Other forms of programmed necrosis
Necroptosis is the best characterized form of programmed necrosis, but is not the only one. In general, all modes of regulated necrosis exhibit typical hallmarks like cellular rounding and swelling (known as oncosis), granulation at cytoplasmic level and plasma membrane rupture, however physiological and biochemical differences lead to a variety of sub-classes with particular mechanisms (reviewed in (Vanden Berghe et al., 2015)). These non-apoptotic cell death modalities include the mitochondrial permeability transition-mediated regulated necrosis (MPT-mediated necrosis), parthanatos and ferroptosis. The first one, is induced by a mitochondrial pore composed of at least Cyclophilin D (CYPD) (the only component of the pore that has been identified so far), whereas parthanatosis caused by an excessive PARylation of intracellular proteins by Poly-ADP ribose polymerase 1 (PARP1) provoking a depletion of NAD+ and ATP that leads to necrotic cell death (Galluzzi et al., 2018; Pasparakis & Vandenabeele, 2015; Vanden Berghe et al., 2015). On the other hand, ferroptosis involves an iron-dependent oxidative stress that is produced by a decrease in cysteine uptake (the oxidized form of cysteine), a deficit of GSH (reduced glutathione) and a depletion of the enzyme glutathione peroxidase 4 (GPX4) (Dixon et al., 2012; Pasparakis & Vandenabeele, 2015). In neurons, it has been reported a form of ferroptosis called oxytosis, which occurs as a result of glutamate toxicity by the blockade of the antiporter system Xc-producing the deficit of cystine and the iron-dependent production of reactive oxygen species (Albrecht et al., 2010; Tan, Schubert, & Maher, 2001).
In addition, pyroptosis, pyronecrosis and regulated necrosis associated with the release of extracellular traps (termed as ETosis) are proinflammatory and microbial-induced forms of programmed necrosis which occur in specialized immune cells (Galluzzi et al., 2018; Vanden Berghe et al., 2015). Pyroptosis is triggered by canonical or non-canonical inflammasome stimulation, which induces activation of Caspase 1 or Caspase 11, respectively, while pyronecrosis has been described as a Caspase 1/Caspase 11-independent cell death that involves Cathepsin B release and lysosomal permeabilization (D’Arcy, 2019; Kepp, Galluzzi, Zitvogel, & Kroemer, 2010; Miao et al., 2011). The mechanism causing cell death has been better characterized in pyroptosis and is based in osmotic imbalance and cellular swelling like occurs in necroptosis, but the pore forming protein involved is Gasdermine D (GSDMD) instead of MLKL. GSDMD is proteolithicaly activated by active Caspase 1 upon inflammosome stimulation (X. Liu et al., 2016).

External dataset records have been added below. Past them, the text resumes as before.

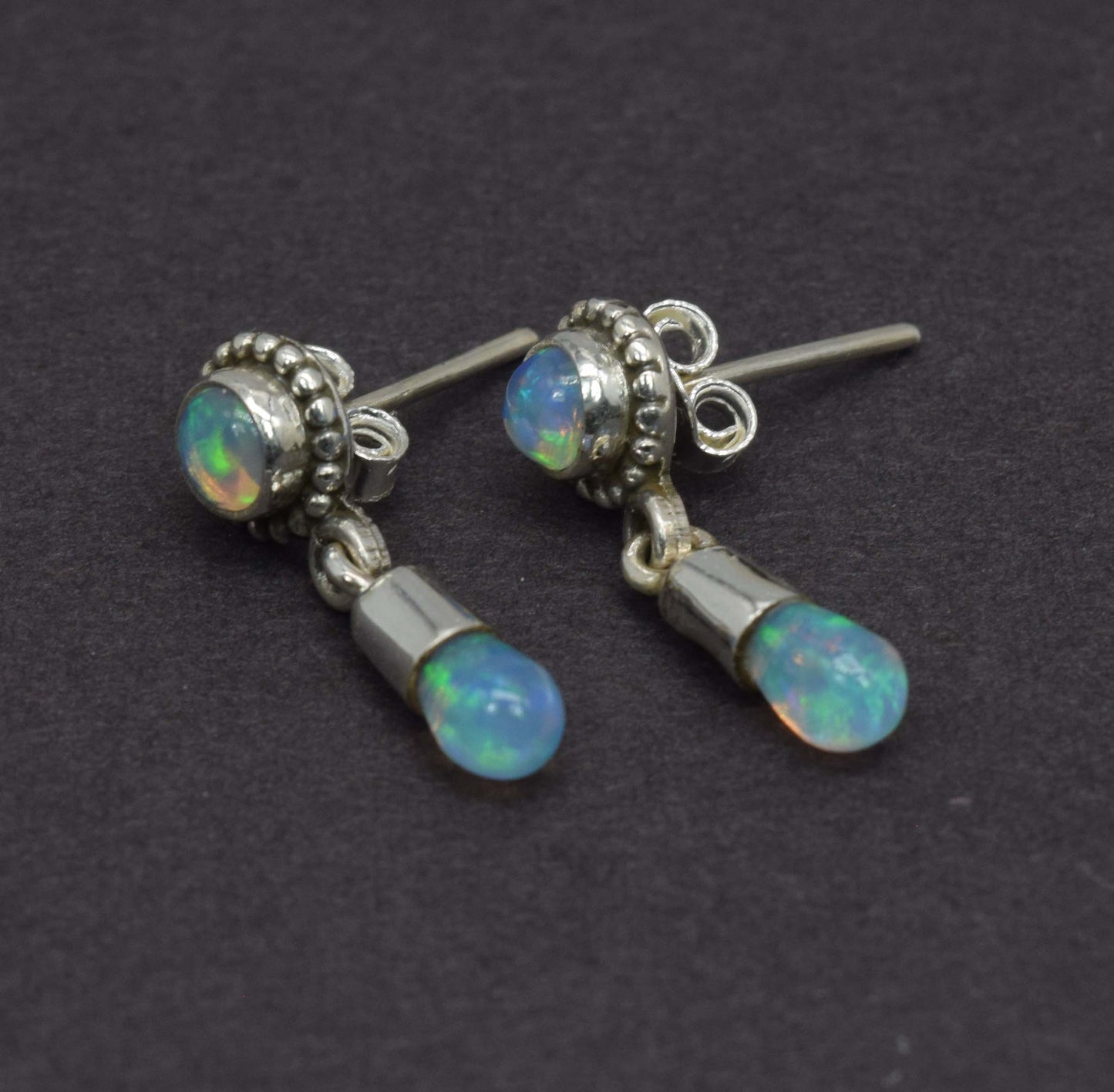 925 Solid Sterling Silver Ethiopian Opal Stud Earring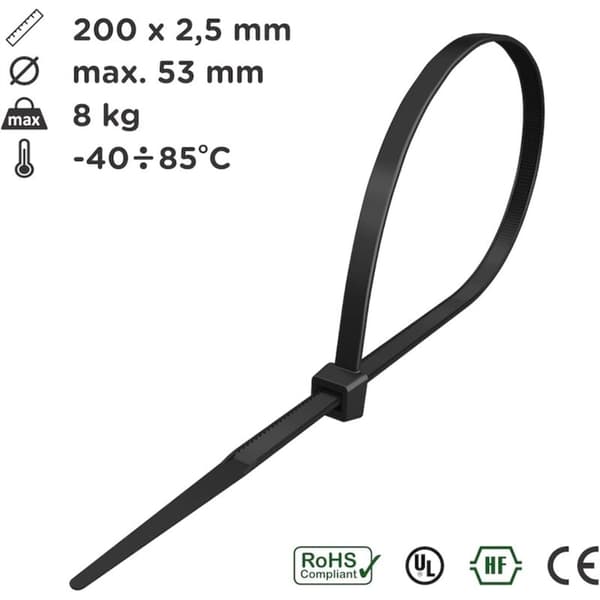 Kabelbinder 200 mm x 2,5 mm, Kabelbinder, Nylonkabelbindere, Kabelbindere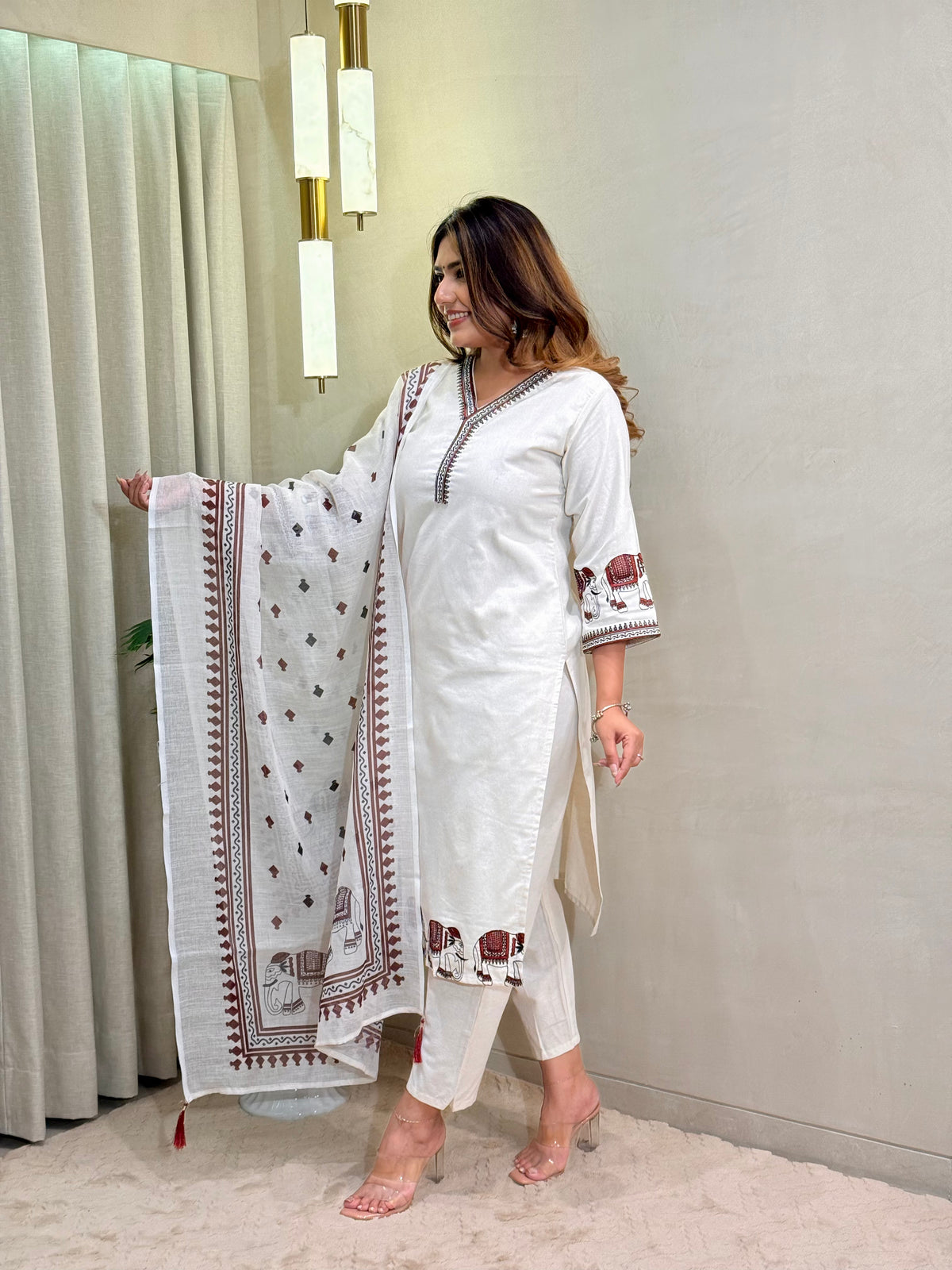 Ravishing Wedding Wear Cotton Embroidery Work Designer Straight Kurta With Trouser n Dupatta Set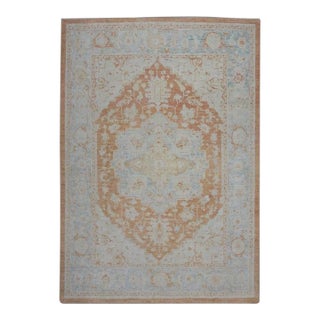 Oriental Hand Knotted Rug Turkish Antique Look Oushak 7'9" x 10'6" For Sale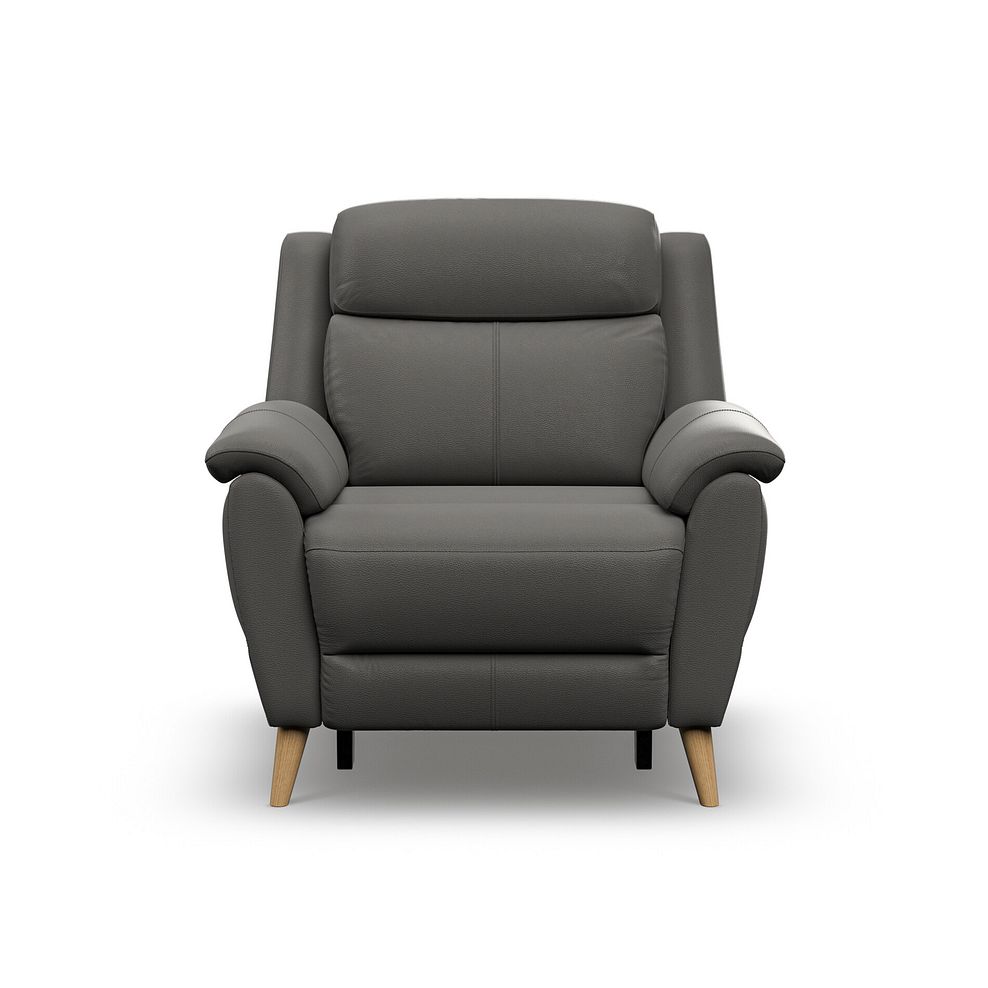 Brunel Electric Recliner Armchair with Speakers in Elephant Grey Leather 5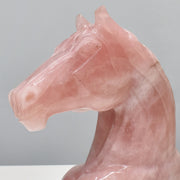 5.25 Kg Rose Quartz Horse Hand-Carved Sculpture Figurine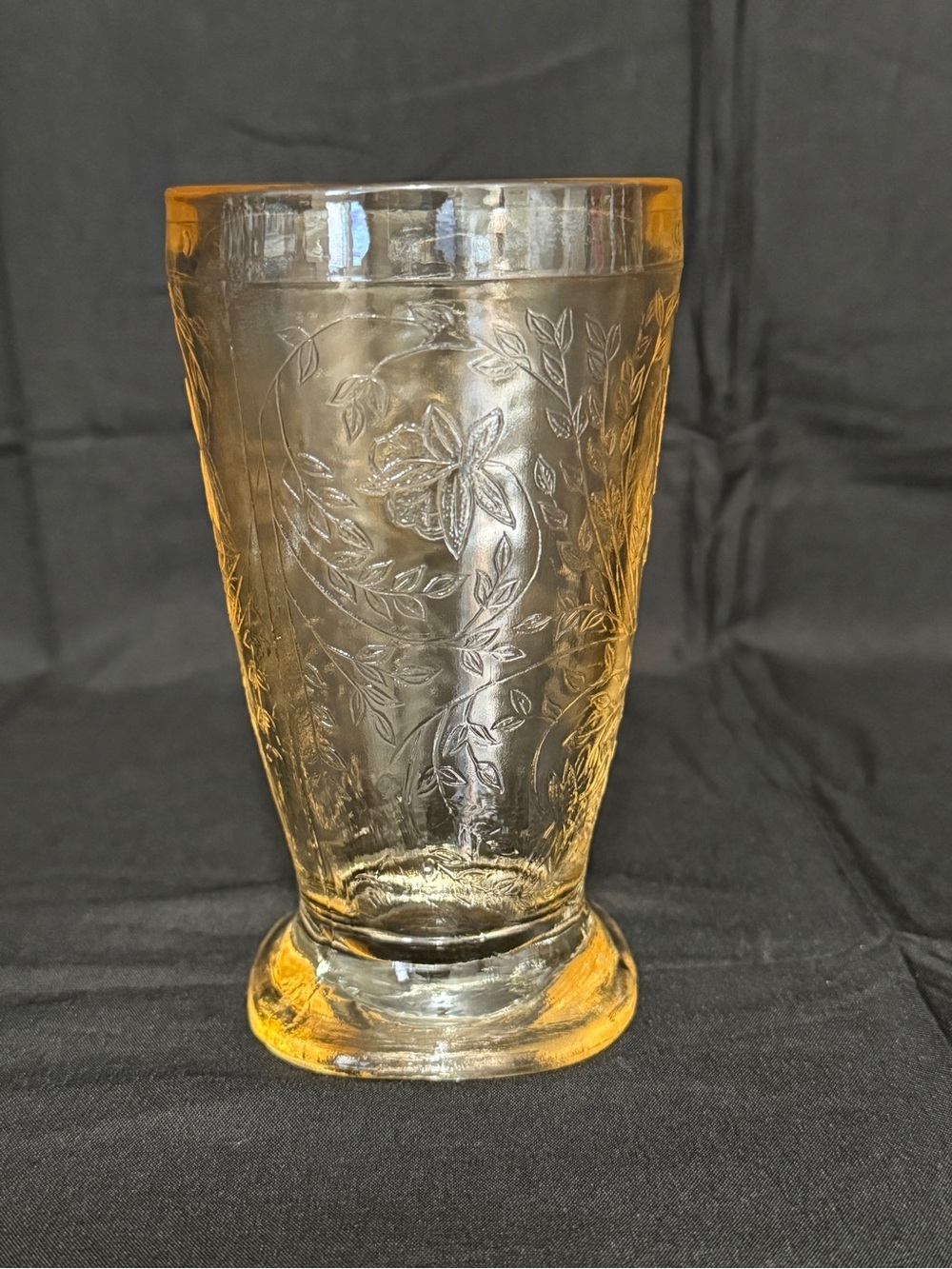 Amber Floral Etched Glass Tumbler - Amber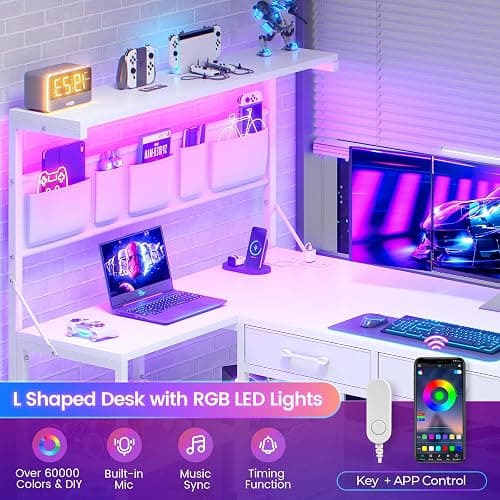 SEDETA Corner Computer Desk, Reversible L Shaped Computer Desk with Fabric Drawers and Power Outlet, 47.2” Gaming Desk with LED Lights, Storage Shelves and Hutch, White thumbnail 4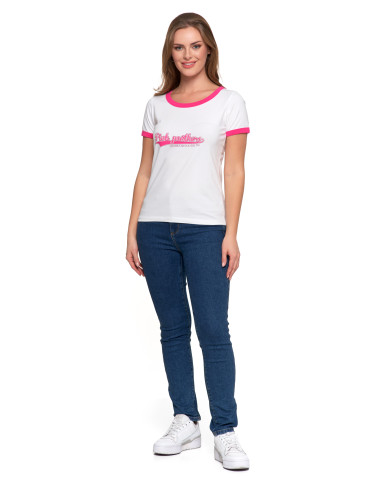 Koszulki i T-shirty - Koszulka damska t-shirt Slim Fit z napisami RÓŻOWY - produkt 14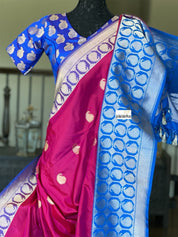 Pure Katan Silk Banarasi - Magenta Pink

ETosis, also known as NETosis (from Neutrophil Extracellular Traps), occurs primary in neutrophils, but also in other innate immune cells, and is characterized by the release of chromatin structures with associated histones (called extracellular traps) that represents an efficient antimicrobial mechanism (Allam et al., 2014). The molecular events underlying this form of PCD have been characterized and it has been demonstrated that NAPH oxidase 4 (NOX4), a common enzyme in neutrophils, is a key component for the activation of this pathway. The hyperactivation of this enzyme in response to pathogens is mediated by the extracellular signal-regulated kinase (ERK), changing the ROS balance within the neutrophil and inducing Myeloperoxidase (MPO) and Neutrophil elastase (NE) activity, a downstream event that leads to chromatin condensation and massive permeabilization (including nucleus, granules and plasma membrane), interestingly through the pore forming protein GSDMD, a common feature with pyroptosis. It has been described that NE is implicated in GSDMD processing and activation, as well as histone cleavage, a modification that together with histone citrullination (mediated by peptidylarginine deiminase 4 or PAD4), facilitate DNA and chromatin rearrange. The final consequence is the extrusion of the extracellular trap with histones, proteases and granular proteins, resulting in the death of the neutrophil. Under certain conditions, the extrusion can occurs with neutrophil survival, a process termed as “vital NETosis”. (Burgener & Schroder, 2020).